The study finds that small rural communities with a school have significantly higher housing values, more new housing, smaller income variability, fewer households receiving public assistance, lower poverty and child poverty rates, more workers in professional and managerial jobs and more workers employed within the community. These areas also are more likely to have municipal water and sewer systems and more likely to grow in population than communities without schools. In addition, they have proportionately more college graduates than communities without schools.
"When a school goes in a rural community, it's the death knell. This study shows consistently that for the smallest rural communities, the presence of a school is linked to many social and economic benefits," said sociologist Thomas A. Lyson, the Liberty Hyde Bailey Professor of Development Sociology at Cornell, who conducted the study. Its findings were recently summarized in a special report issued by the Southern Rural Development Center in partnership with the U.S. Department of Agriculture Economic Research and the Rural School and Community Trust. The full study was published in the Journal of Research in Rural Education (17:131-137, 2002).
"The money that might be saved through consolidation could be lost in lost taxes, declining property values and lost businesses," Lyson said. "Even in the smallest rural villages in New York, schools serve as important markers of social and economic variability and vitality, the research indicates."
Lyson first looked into the importance of schools in small towns while serving from 2000 to 2004 as mayor of the village of Freeville, a small rural community near Ithaca, when officials wanted to close the local elementary school.

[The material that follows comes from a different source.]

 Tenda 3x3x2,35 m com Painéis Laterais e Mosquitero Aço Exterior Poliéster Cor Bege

To determine the effects of a school closing, Lyson analyzed data from the 1990 U.S. Census and from the New York State Department of Education on all 352 incorporated villages and towns with populations of under 2,500 in New York state. He considered the 71 communities with 500 or fewer people as the smaller rural community group and the 281 villages with more than 500 people as the larger rural community group. About half (52 percent) of the smaller group had a school (although nearly all of the towns and villages had a school at one time), and almost three-fourths (74 percent) of the larger group had a school.
Lyson found that the differences between larger rural communities with schools and those without were similar to what he found in smaller communities, though they were not as extreme.

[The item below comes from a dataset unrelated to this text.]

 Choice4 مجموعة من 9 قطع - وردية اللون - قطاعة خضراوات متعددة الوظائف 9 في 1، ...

He pointed out that in addition to spurring social and economic vitality, schools also serve as recreational hubs and cultural centers for sports, theater, music and other civic activities in rural communities.
"It is a place where generations come together and where community identity is forged," Lyson said. "Yet, school consolidation has been the bane of rural communities for at least the past 50 years." He pointed out that the 130,000 school districts in the United States in 1930 had been consolidated into fewer than 15,000 by 2000.
"School consolidation is likely to be a threat to many rural communities in the coming decades," concluded Lyson, whose efforts in Freeville helped keep the school open. The research was supported by Cornell and the National Science Foundation.